The Trial of Lindy and Michael Chamberlain ('The Dingo Trial')
Abstract
On August 17, 1980, at a campsite near Australia's famous Ayer's Rock, a mother's cry came out of the dark: My God, my God, the dingo's got my baby! Soon the people of an entire continent would be choosing sides in a debate over whether the cry heard that night marked an astonishing and rare human fatality caused by Australia's wild dogs or was, rather, in the words of the man who would eventually prosecute her for murder, a calculated, fanciful lie. A jury of nine men and three women came to believe the latter story and convicted Lindy Chamberlain for the murder of her ten-week-old daughter, Azaria.

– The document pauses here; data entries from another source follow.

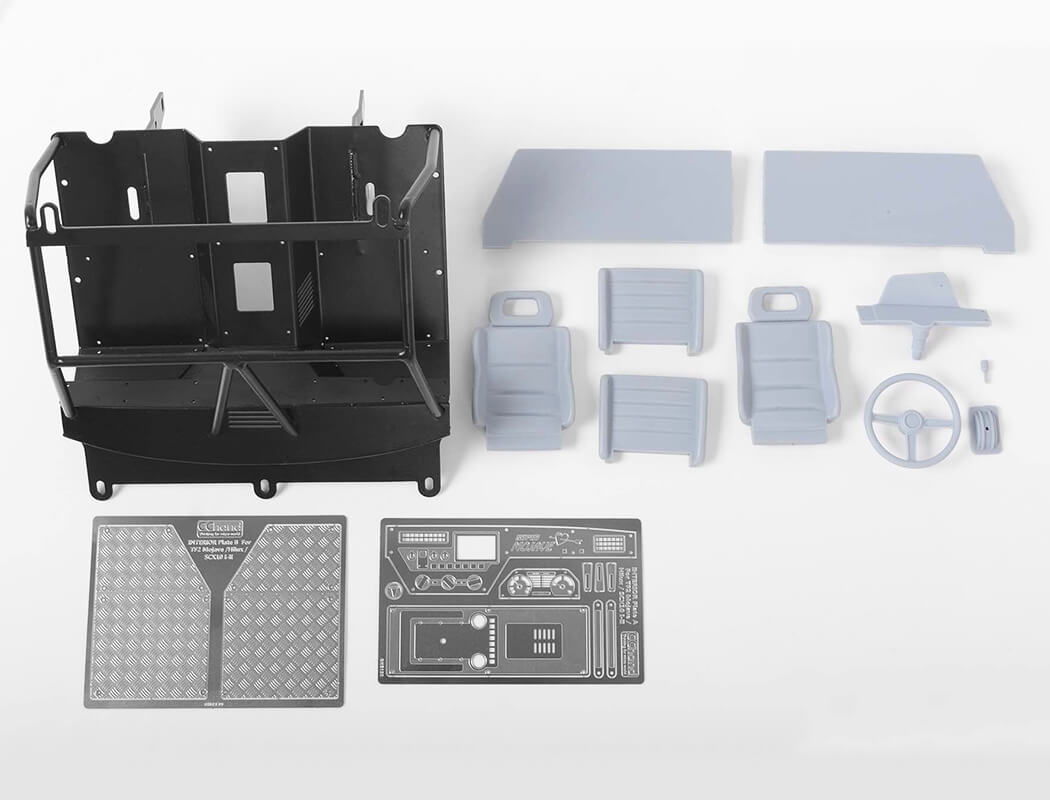 RC4WD Rc4Wd Interior Package For Mojave Body & Axial Scx10 I & Ii VVV-C0379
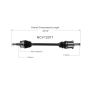 GSP NCV12071 Chrysler, Dodge (3.5, 5.7 - AWD) CV Axle Assembly  - Rear Right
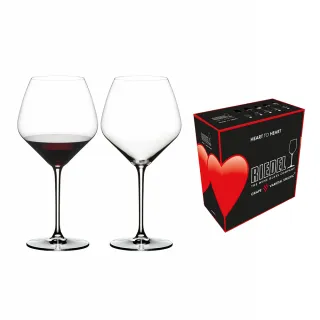【Riedel】Heart to Heart Pinot Noir黑皮諾紅酒杯2入禮盒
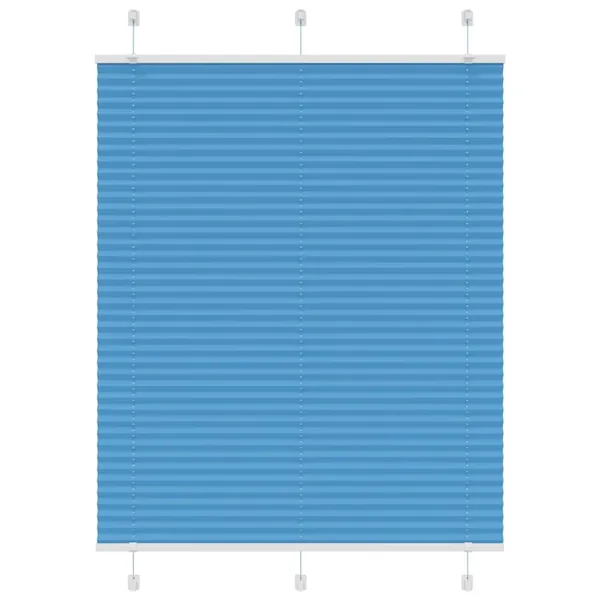 Store plissé bleu 110x100 cm largeur du tissu 109,4cm polyester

Three years later, while Lindy dealt with daily life in a Darwin prison, police investigating the death of a fallen climber discovered Azaria's matinee jacket near a dingo den, and the Australian public confronted the reality that its justice system had failed. A Cry in the Dark, a movie starring Meryl Streep, carried the story of Lindy's wrongful conviction across oceans. What went wrong? Convictions of the innocent usually result from inaccurate eyewitness testimony (generally the least reliable evidence in a trial because of biases and the tricks of memory), but Lindy Chamberlain was convicted by flawed forensic evidence and by investigators and prosecutors unwilling to reconsider their assumptions in the face of contradictory evidence. The trial of Lindy Chamberlain, and her husband Michael, is a cautionary tale that everyone who practices forensic science should carefully consider.